── Data ──
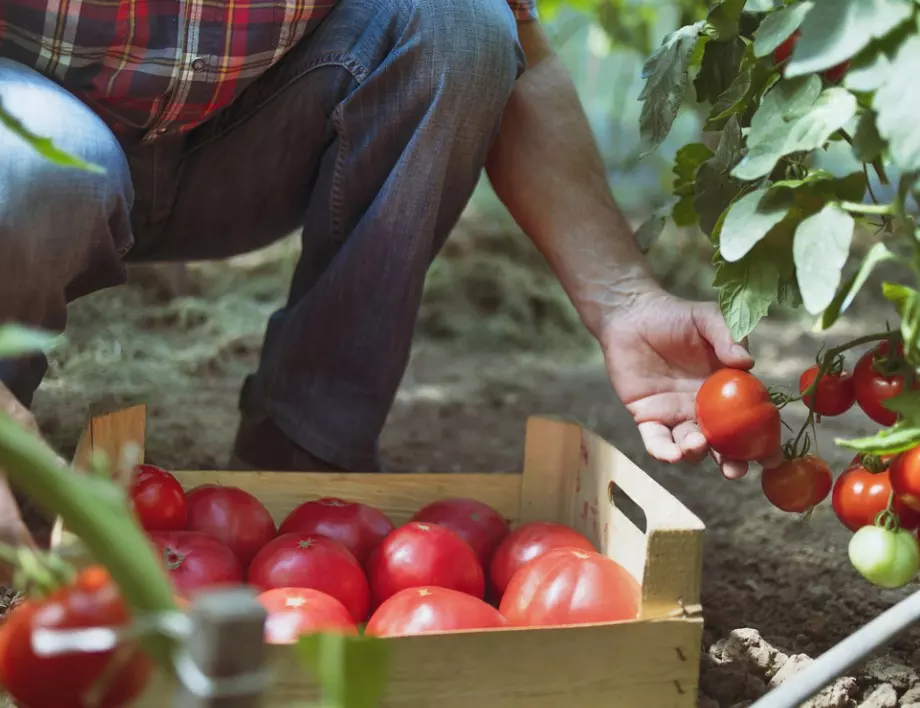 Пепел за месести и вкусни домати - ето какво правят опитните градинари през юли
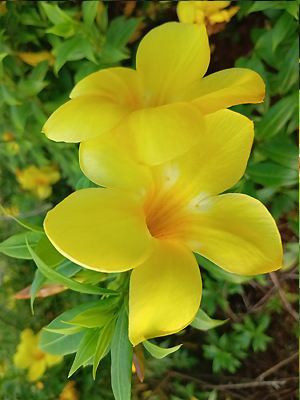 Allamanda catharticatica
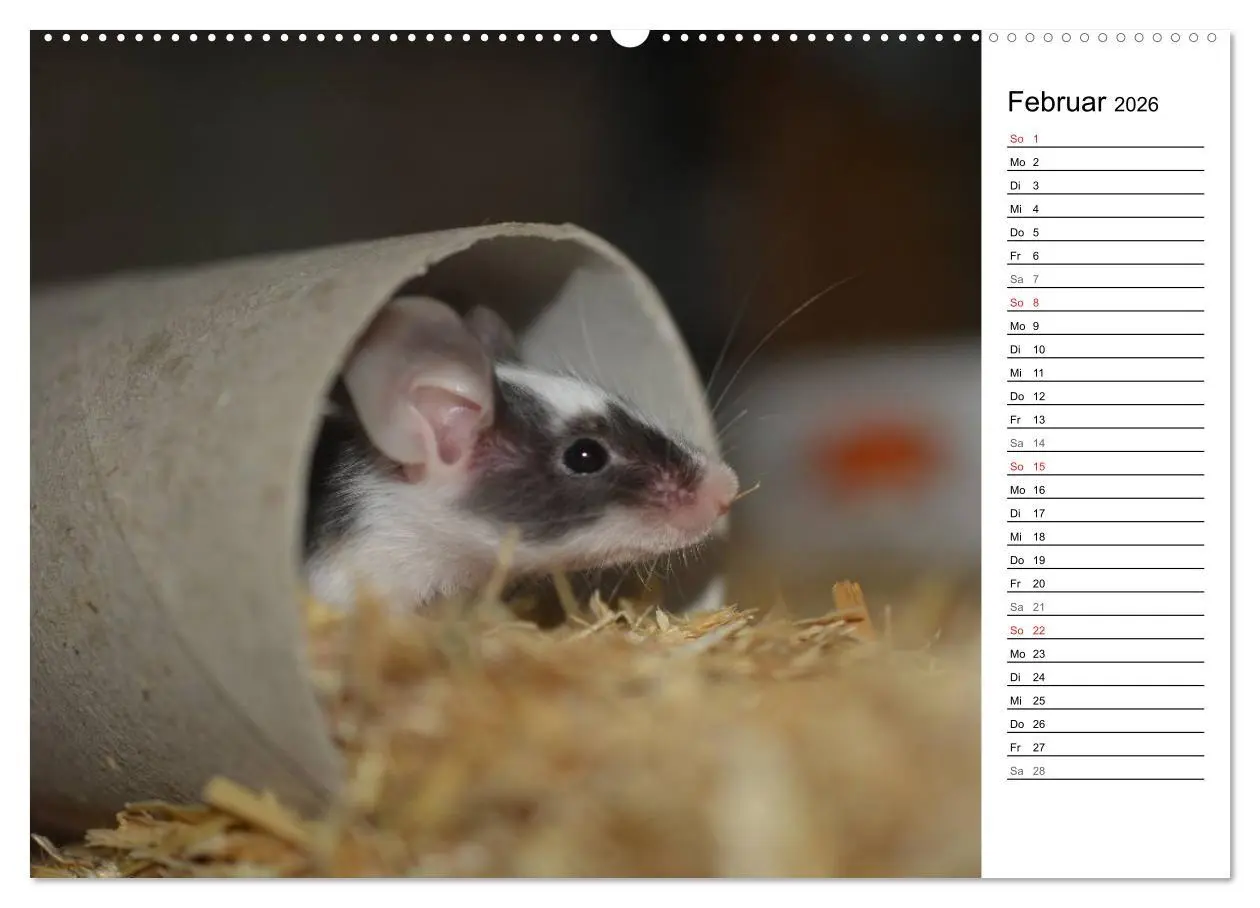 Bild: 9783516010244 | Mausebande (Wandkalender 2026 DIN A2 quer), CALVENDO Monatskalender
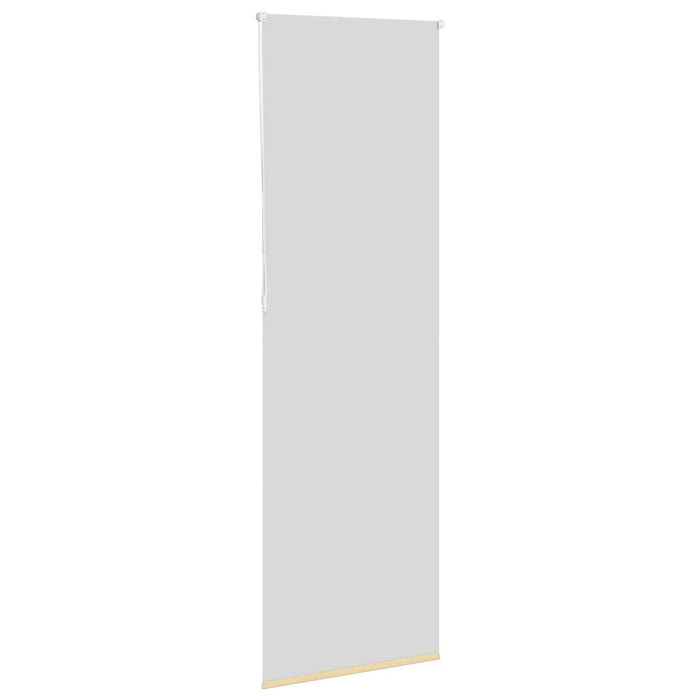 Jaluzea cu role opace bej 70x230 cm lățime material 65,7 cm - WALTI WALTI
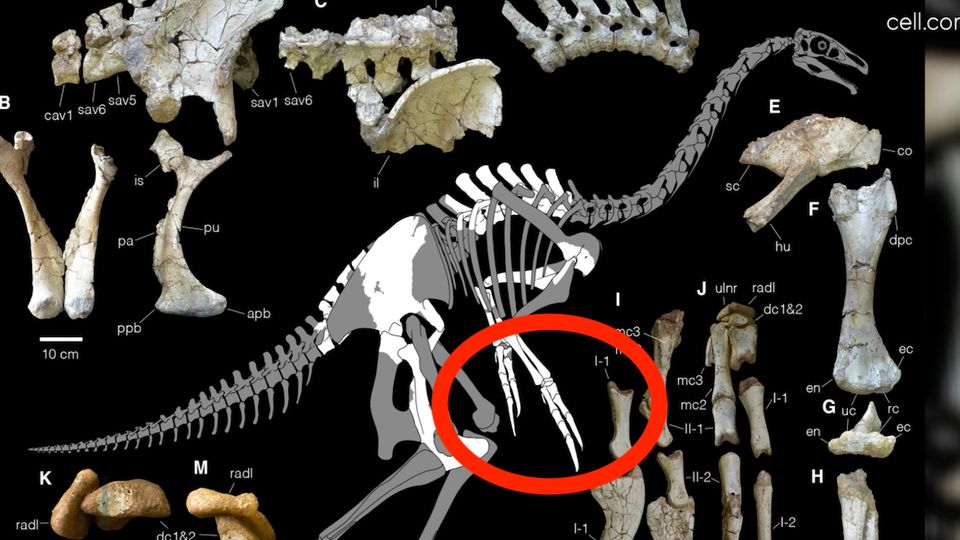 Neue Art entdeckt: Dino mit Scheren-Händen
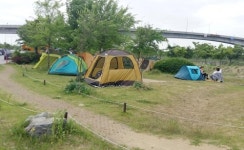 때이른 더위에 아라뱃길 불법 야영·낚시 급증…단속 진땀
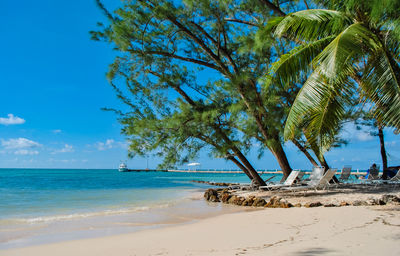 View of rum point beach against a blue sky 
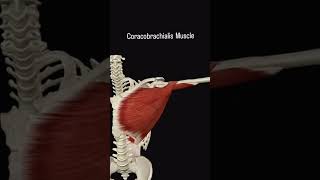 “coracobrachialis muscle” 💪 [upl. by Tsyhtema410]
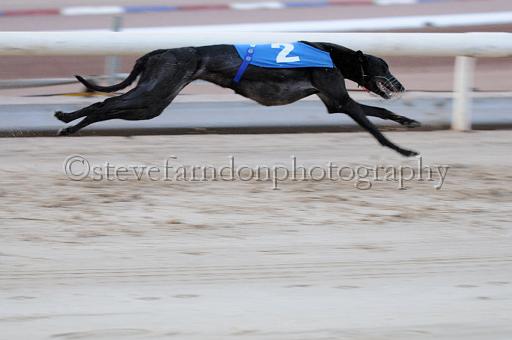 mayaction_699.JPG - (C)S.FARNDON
───
Your answer must be the lines from the one containing "Allamanda catharticatica" through the last line of the records, printed exactly with no pictures; please include both ends.

 Allamanda catharticatica
 Bild: 9783516010244 | Mausebande (Wandkalender 2026 DIN A2 quer), CALVENDO Monatskalender
 Jaluzea cu role opace bej 70x230 cm lățime material 65,7 cm - WALTI WALTI
 Neue Art entdeckt: Dino mit Scheren-Händen
 때이른 더위에 아라뱃길 불법 야영·낚시 급증…단속 진땀
 View of rum point beach against a blue sky 
 “coracobrachialis muscle” 💪 [upl. by Tsyhtema410]
 mayaction_699.JPG - (C)S.FARNDON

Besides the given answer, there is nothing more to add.